Scraped caption text data:
------

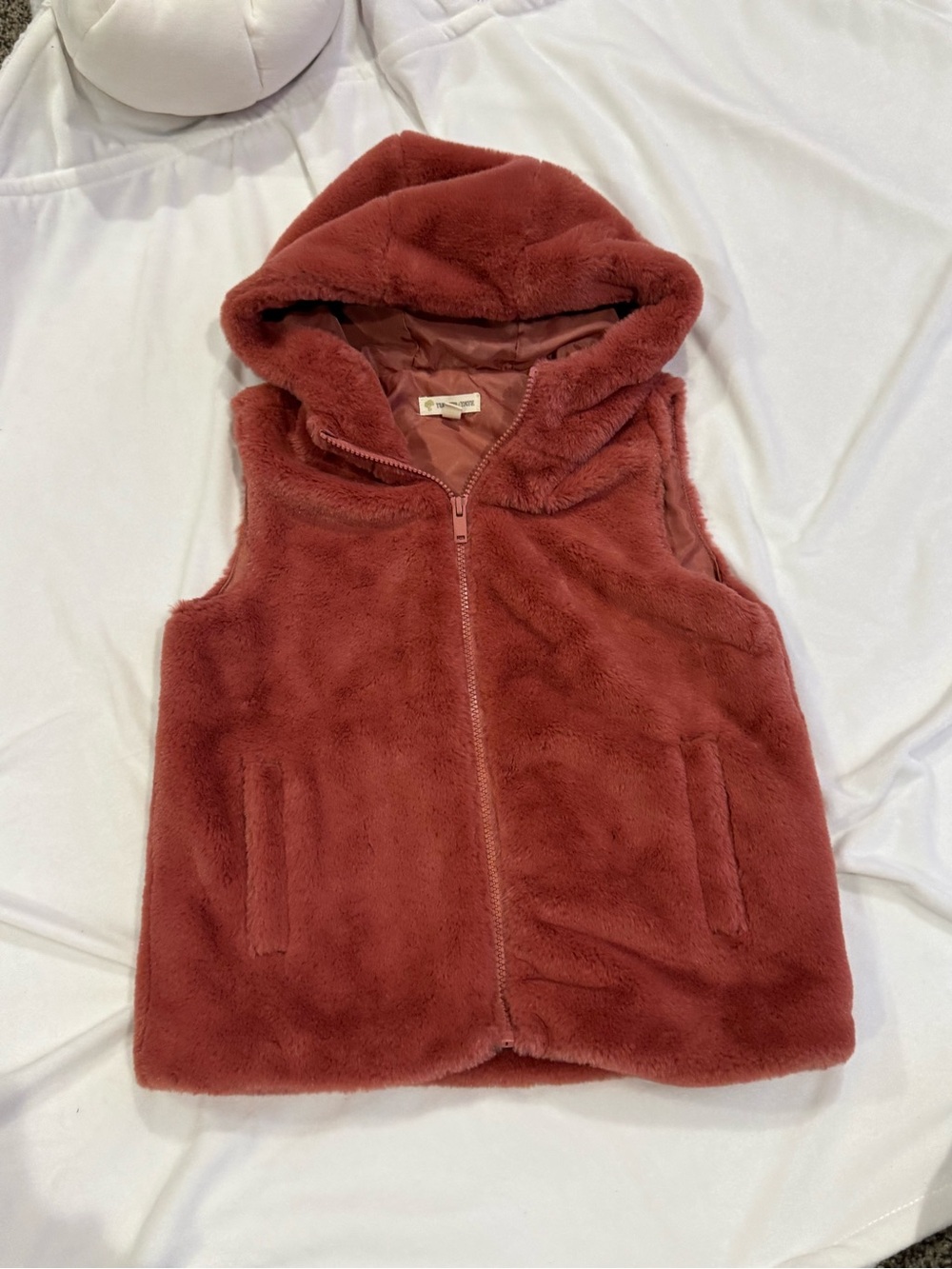 Cozy Faux Fur Hooded Vest in Dusty Rose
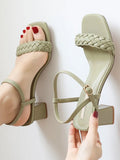 Advbridge Sweet Solid High Heel Sandals Women Summer Thick Heels New Fairy Casual Shoes Female Fashion Korean Designer Shallow Shoes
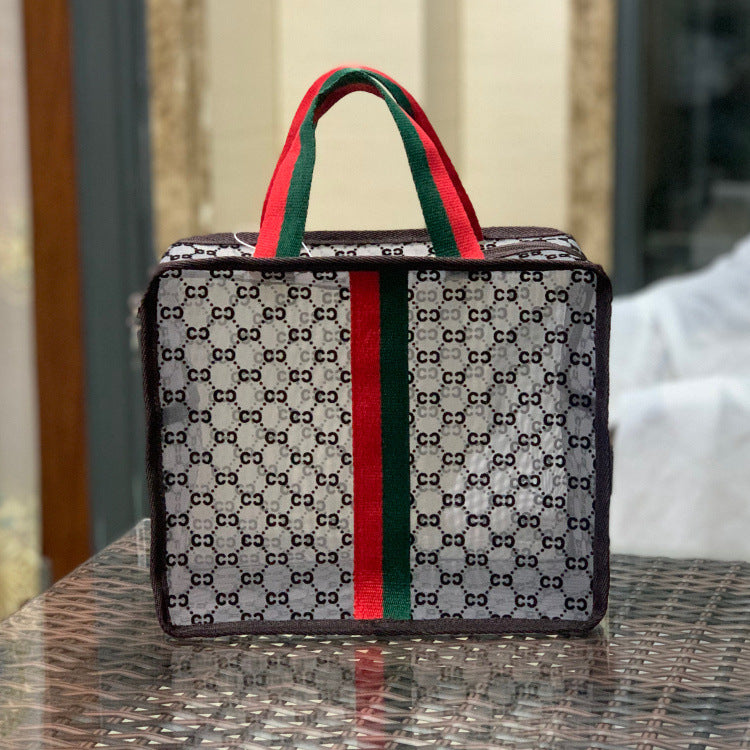 Fog Flower Korean Mesh Flocking Large Capacity Portable Bags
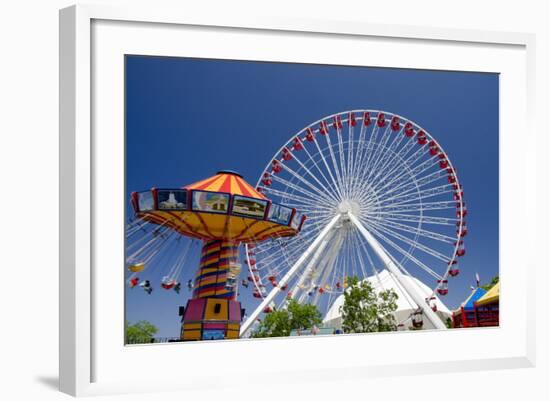 Navy Pier Along the Shores of Lake Michigan, Chicago, Illinois-Cindy Miller Hopkins-Framed Photographic Print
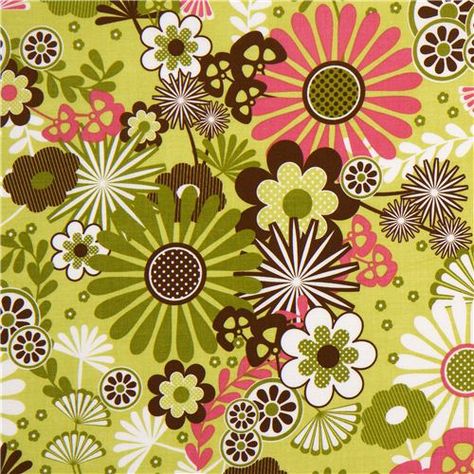 by Riley Blake  Collection "Dainty Blossoms"  Design: Carina Gardner Pink And Green 2000s, Summer Pattern Design, Jelly Wallpaper, Cocoppa Wallpaper, Riley Blake Fabric, Brown Flowers, Flower Fabric, Blossom Design, Pretty Patterns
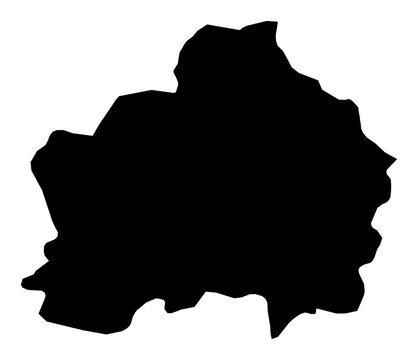 A contour map of Rapla County. Estonian county silhouette
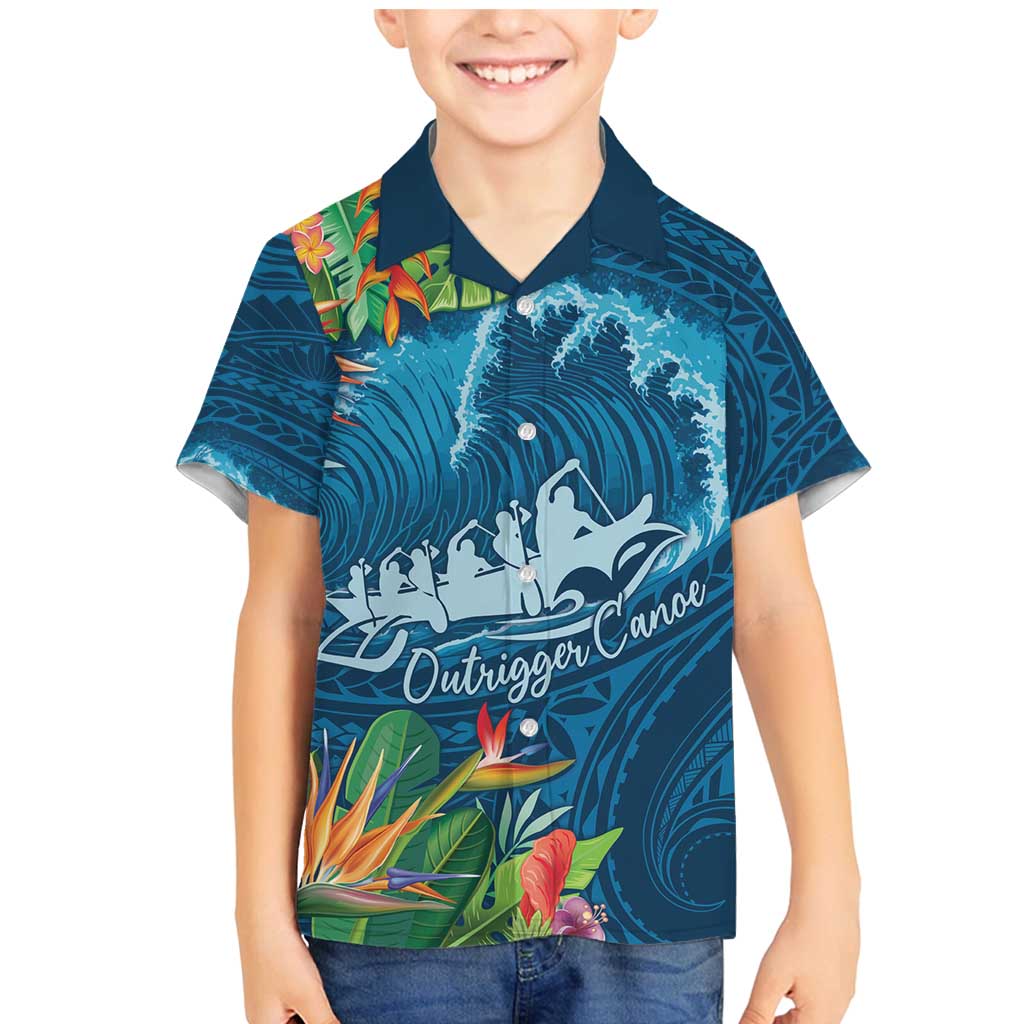 Outrigger Canoe Blue Family Matching Mermaid Dress and Hawaiian Shirt On The Waves LT7 Son's Shirt Blue - Polynesian Pride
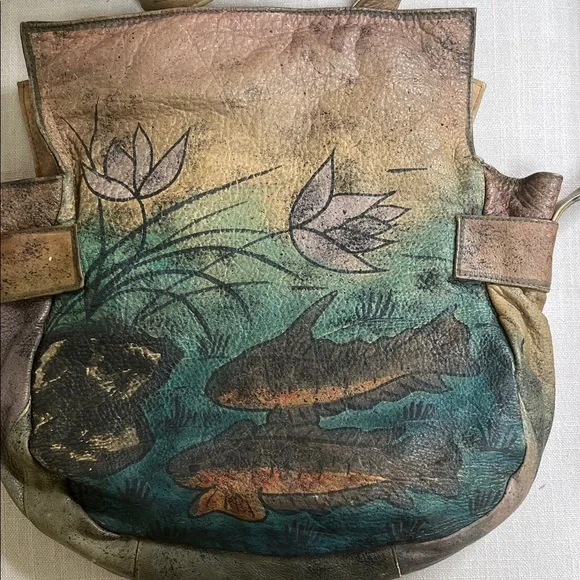 Vintage 1970’s Painted Leather Handbag - Picture 3 of 6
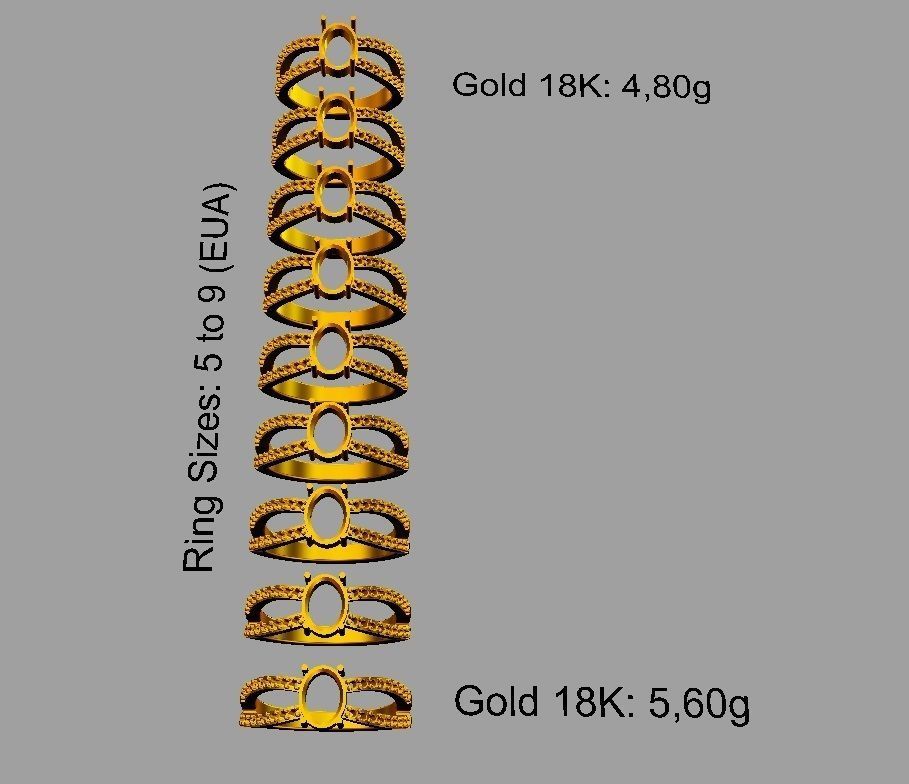 Oval Gemstone Ring 3D print model_6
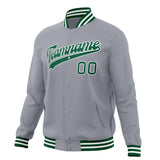 Custom Gray & Kelly-Green Solid Color Varsity Jacket JA01240607WY205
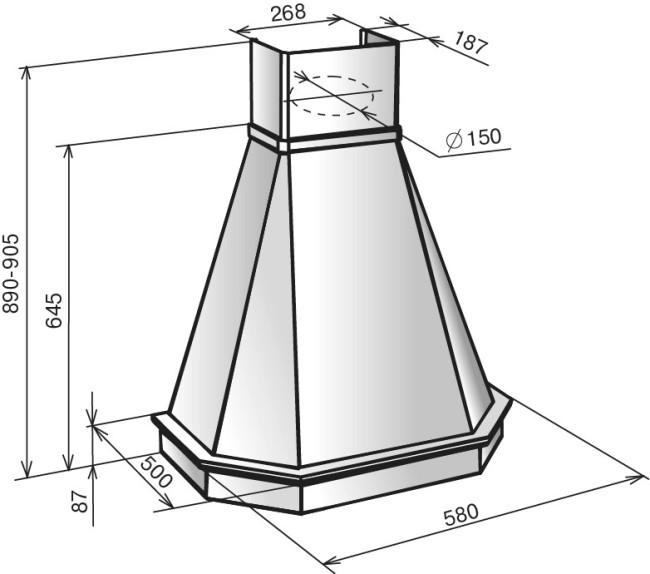 Каминная вытяжка Elikor Камин Грань 60 белый/дуб неокрашенный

------

*Prompt*:
Between and including the line with "Outrigger Canoe Blue" and the line with "Oval Gemstone Ring 3D print model_6", repeat every line exactly as it appears above, with pictures left out.

*Response*:
 Outrigger Canoe Blue Family Matching Mermaid Dress and Hawaiian Shirt On The Waves LT7 Son's Shirt Blue - Polynesian Pride
 Vintage 1970’s Painted Leather Handbag - Picture 3 of 6
 Oval Gemstone Ring 3D print model_6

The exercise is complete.